The carry-over, or drafting, effects of the 2010 AFL draw are summarised in the following table:
You'll see there's a 1 in the row for Collingwood under the column headed "Ade" (for Adelaide). That 1 means that in only 1 of the 22 rounds does Collingwood play a team in the round immediately following the round in which they played Adelaide. This happens in Round 10 when Collingwood meets the Lions after the Lions played Adelaide in Round 9. So, Collingwood drafts Adelaide in Round 10.
Other numbers in the table are interpreted in the same way and the most interesting ones are those that are small (ie the zeroes) and those that are large (ie the 4s and the 5s). The zeroes make up a little less than 24% of the numbers in the table, and the 4s and 5s combined make up a bit less than 5%.
Looking at the row for a particular team you can determine which other teams that team most often drafts.

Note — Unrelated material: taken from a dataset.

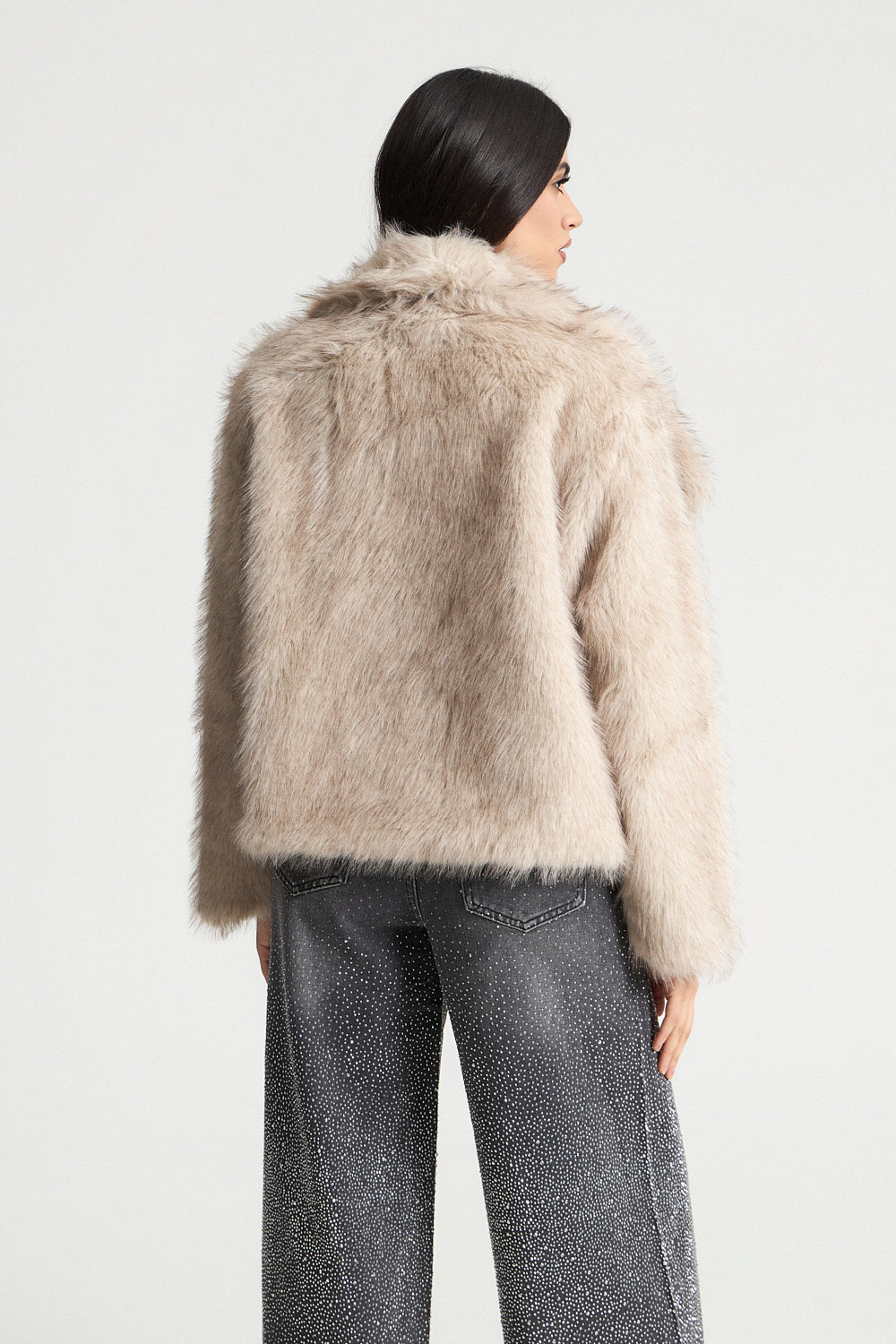 Faux γούνα με γιακά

Only two teams draft another team on 5 occasions during the season: Essendon draft Adelaide, and Adelaide draft Collingwood. Seven teams draft another on 4 occasions: the Lions draft West Coast, Collingwood drafts the Lions, Essendon drafts Hawthorn, Geelong drafts Fremantle, the Roos draft Port and Sydney, Port drafts Carlton, St Kilda drafts Port, and West Coast draft St Kilda. In words that's quite a bit to take in - so here's a "directed graph" instead.

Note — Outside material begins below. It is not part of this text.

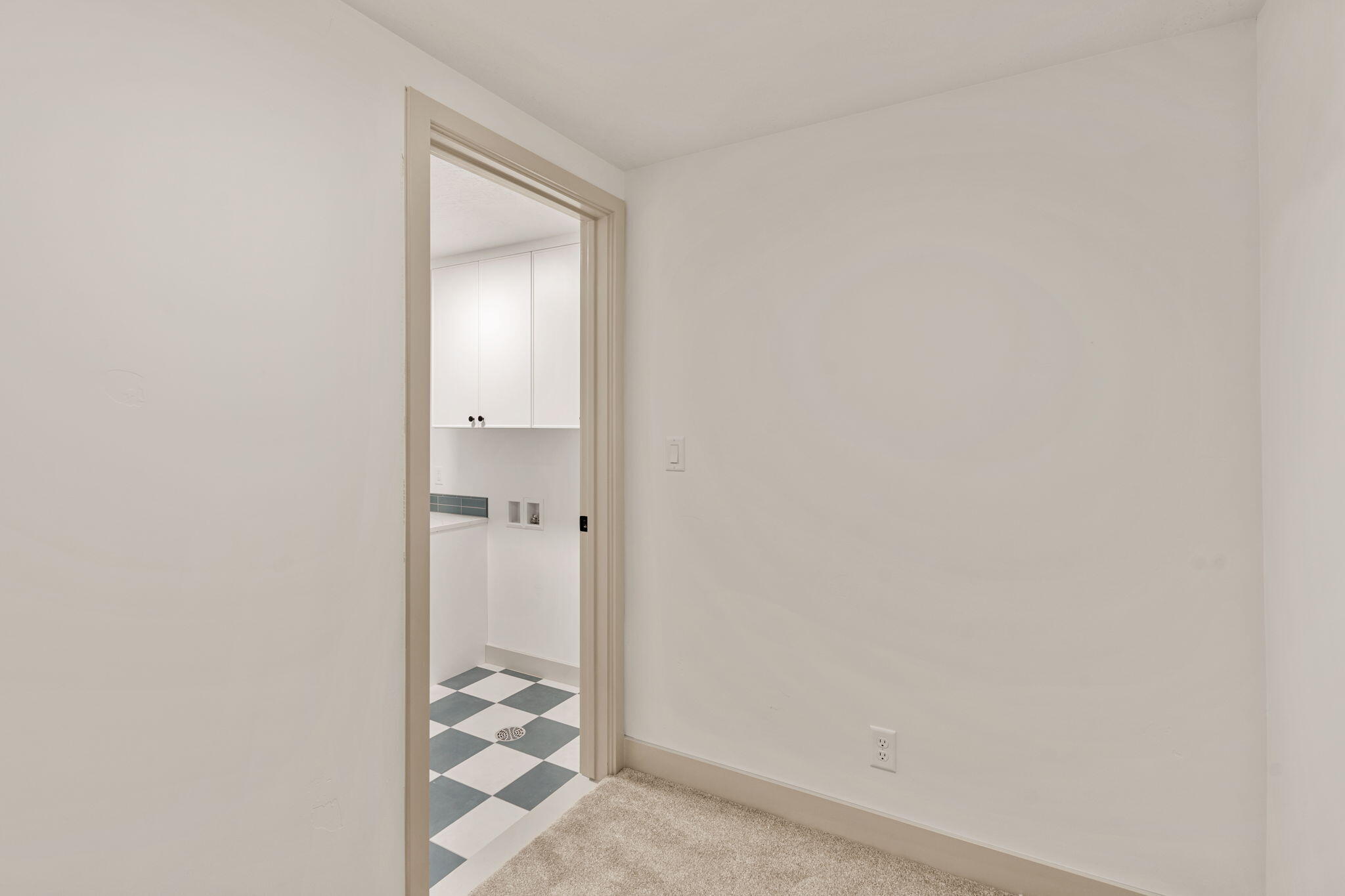 PIONEER POINTE - Residential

(The arrows point from the team drafted and to the team being drafted. Only drafts of 4 or more games are shown - that is, the ones mentioned in the earlier paragraph.)
From this chart we can see that, if we consider drafting to take place only if it involves one team following another for at least 4 games then:
- Port Adelaide is the only team to be drafted by more than one team (it's drafted by the Roos and St Kilda)
- Four teams - Hawthorn, Carlton, Sydney and Fremantle - are drafted but never themselves draft
- Three teams - Essendon, Geelong and the Roos - draft but are not themselves drafted
- Three teams - Melbourne, the Bulldogs and Richmond - are what graph theory would term "isolates" in that they neither draft nor are drafted
- The remaining six teams both draft and are drafted
- No pair of teams both draft one another and are drafted by one another
Make of all this what you will. At some point I might look to reproduce the analysis performed on Belgian football in this paper, which found that drafting mattered not in that competition, but for now, that's surely enough graph theory for one blog.